Anthea Stratigos – October 3, 2016
Meet my new Trimline. Gotta love that beauty – the iPhone of its time – smooth, sleek, great lines, functional – simple elegance at its best. It rings and you pick up a call. You press a few buttons and it makes one. Amazing.
Meet my new clock. Smooth black corners, with an easy dial to read, it doesn’t light up the room with bright red, green, or blue ambient light. It’s quiet. It tells time. It’s got a little button to push if you want to check the time at night. It’s got an alarm. It doesn’t talk back. It doesn’t tell me directions, and it can’t make a phone call, or search Google. But it works.
These too little gadgets are simple elegance at its best.
I’m the first one that loves an iPhone. I call it the Swiss-Army knife of our time. It does amazing things. It too is simple and elegant. But I don’t want it anywhere near me at night. I don’t want it on my nightstand and I don’t want it to make a call, wake me up, or tell me what time it is all at once when I am in bed. I never had a device anywhere near me at night until about six months ago. And after six months I’ve decided the device can once again sleep in another room and my new Trimline and travel clock, returned.
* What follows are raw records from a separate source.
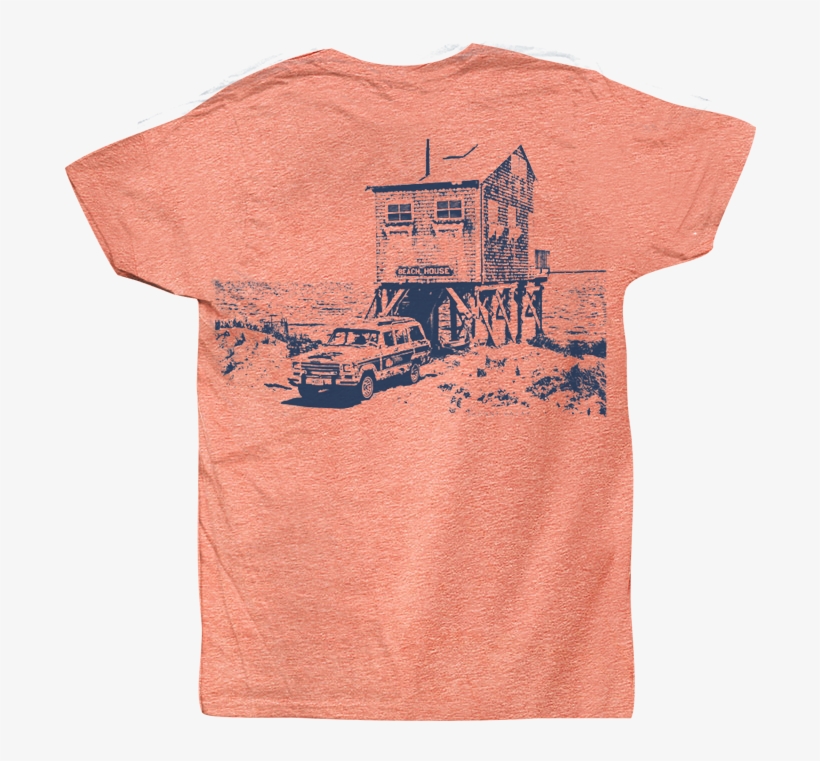 Beach House Ii By Johnny Vacay - House, transparent png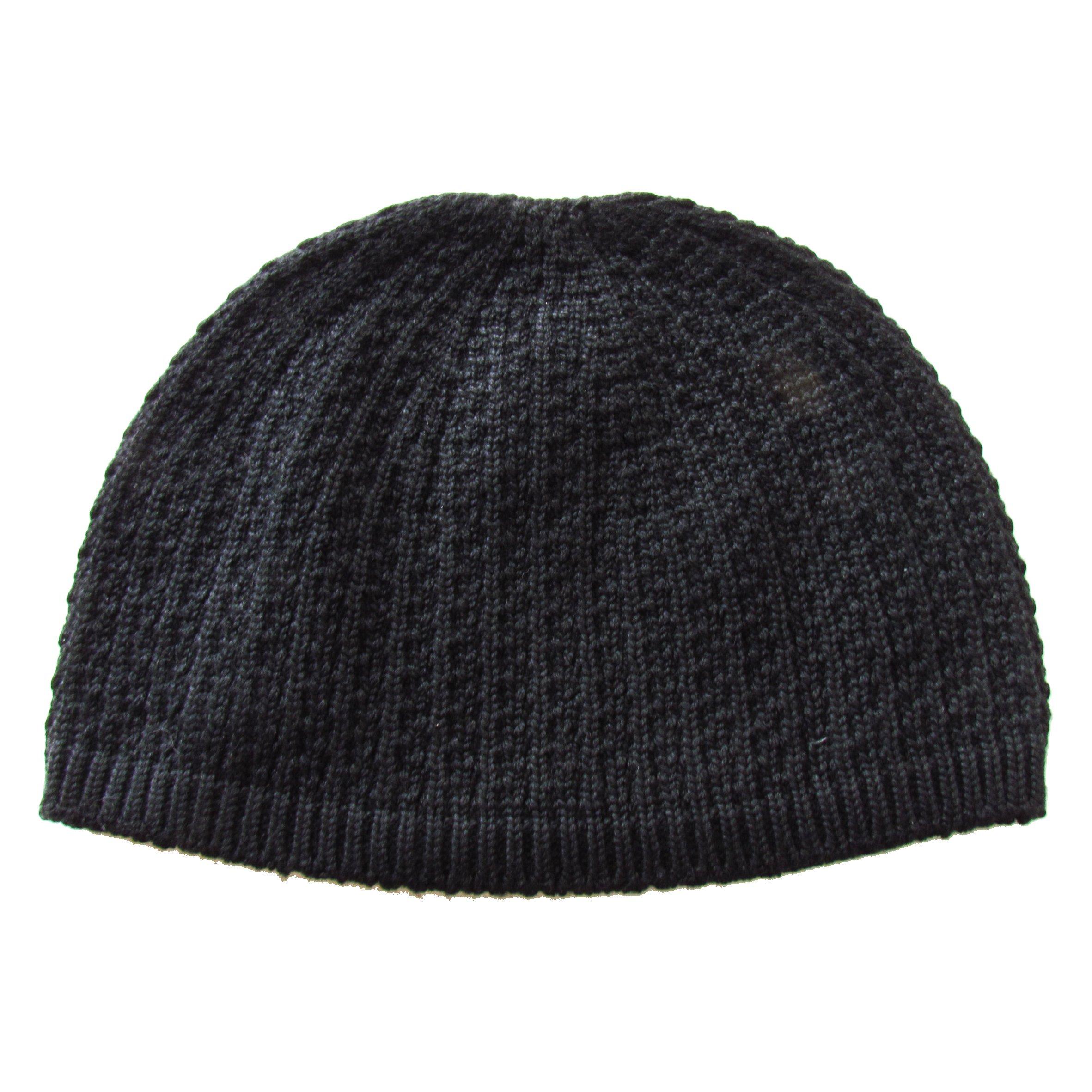 

Edge City Islamic Watch Knit Hat for Made in Japan Cotton/Acrylic Men, (Size L, 97/Black)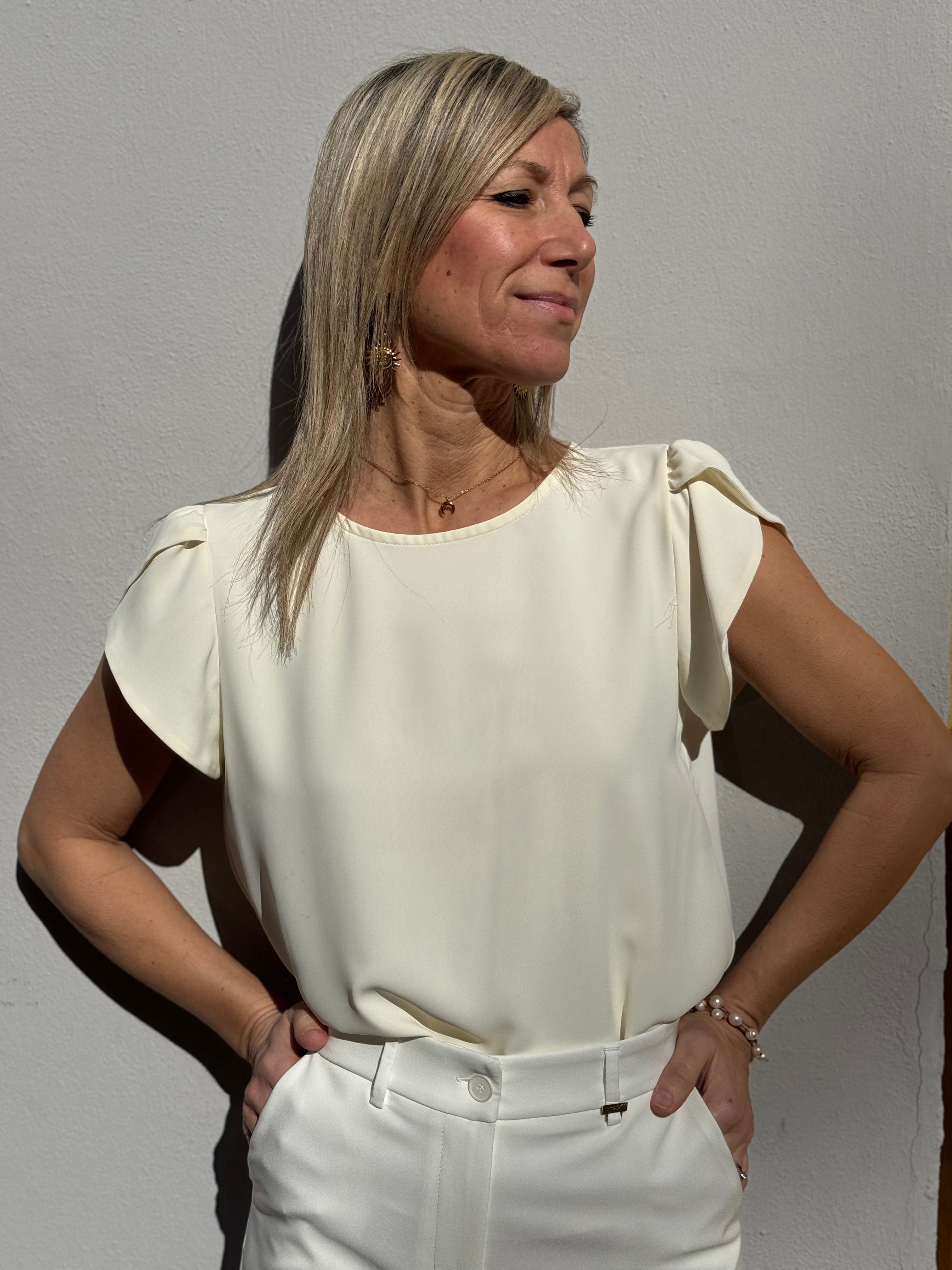 Blusa manica calla artigli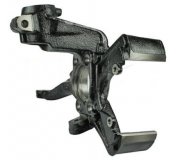 Кулак поворотный левый (цапфа, 4 отверстия) Volkswagen Golf 5 / Фольксваген Гольф 5 2003-2009 58085901 METZGER (Германия)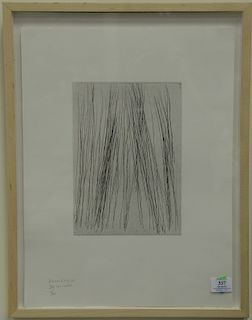 Toko Shinoda (b. 1913), engraving, Abundance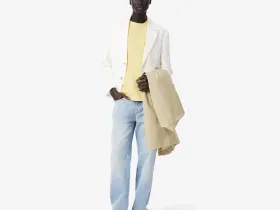 Футболка Lacoste унисекс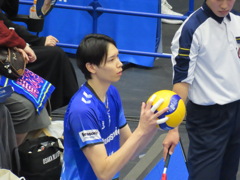 SVリーグ　大阪ブルテオン vs ジェイテクトSTINGS愛知 ②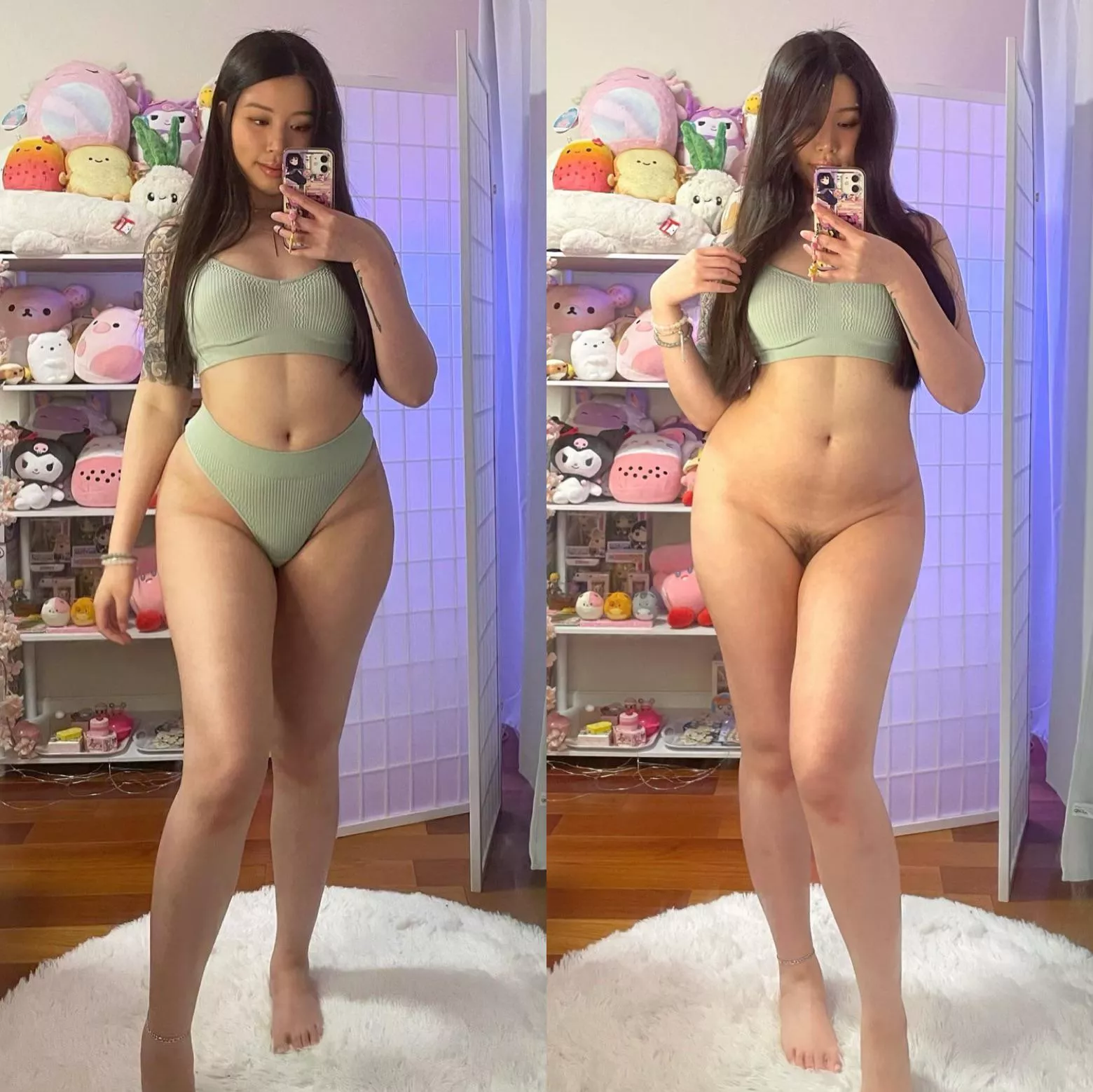 Are you into tall Chinese girls with big hips? :)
You see not too long ago we needed to take our old Trimline up to our country house where we needed a phone with a landline. Then my old little travel alarm clock broke. All the other phones and clocks in the house are electronic. I was too pre-occupied to replace either. At about that time my sister and I were dealing with a significant illness in our family and I brought the iPhone onto my nightstand. Our family needed to text to stay-on-top of serious issues; to simply say good night to each other, or to reach each other in an emergency. And the little bugger told time so I used it to replace my clock.
Then two things happened. My husband was out of town and we had a black out. I couldn’t use any phone in the house. Our wifi was out. My phone had 20% battery and enough LTE to let me call Uber on 1 bar, because you see, I couldn’t even get out of the garage because it too had an electric garage door and I was late getting to the office. It also happened that I was starting to read the news at night, check my AP app in the morning, read a few emails before I started my day, and then before you know it I was looking at that damn phone first thing in the morning and last thing at night. Throw in the conspiracy theorist’s view that EMRs and radiation would do me in with that thing so close to my head and I decided enough was enough.
I suppose I could go buy a solar powered charger for my phone. I suppose I could just leave it on my nightstand and not look at emails, news, texts, or make calls. But it was easier to put it back into my home office at night, say any goodnights, and plug the Trimline into the wall and put the travel clock on my nightstand. You see I live in earthquake country and when the earth shakes some old things are just plain good. IPhones have their place. So do a good laptop and maybe even a Smart TV. I’m not sure I want my refrigerator ordering my food, Comcast securing my house, or my car replacing its own parts. Maybe it would be nice to have the delivery truck arrive on my doorstep with fresh vegetables and almond milk without asking, or a new set of fabulous tires arriving with a handsome guy to replace them. But I remain skeptical. Because when the next earthquake comes, and it will, a good landline and a battery operated radio and travel clock just might do the trick. Devices have a job to do and when we let the device overtake us, it’s time to put them in another room to sleep.
Besides, you can’t beat the price. My Trimline was $19.99 on Amazon. Far cry from what we’re paying Apple and AT&T these days. I’m calling this the ‘slow info’ movement. Just like slow food, it can be a beautiful thing. Simple and elegant.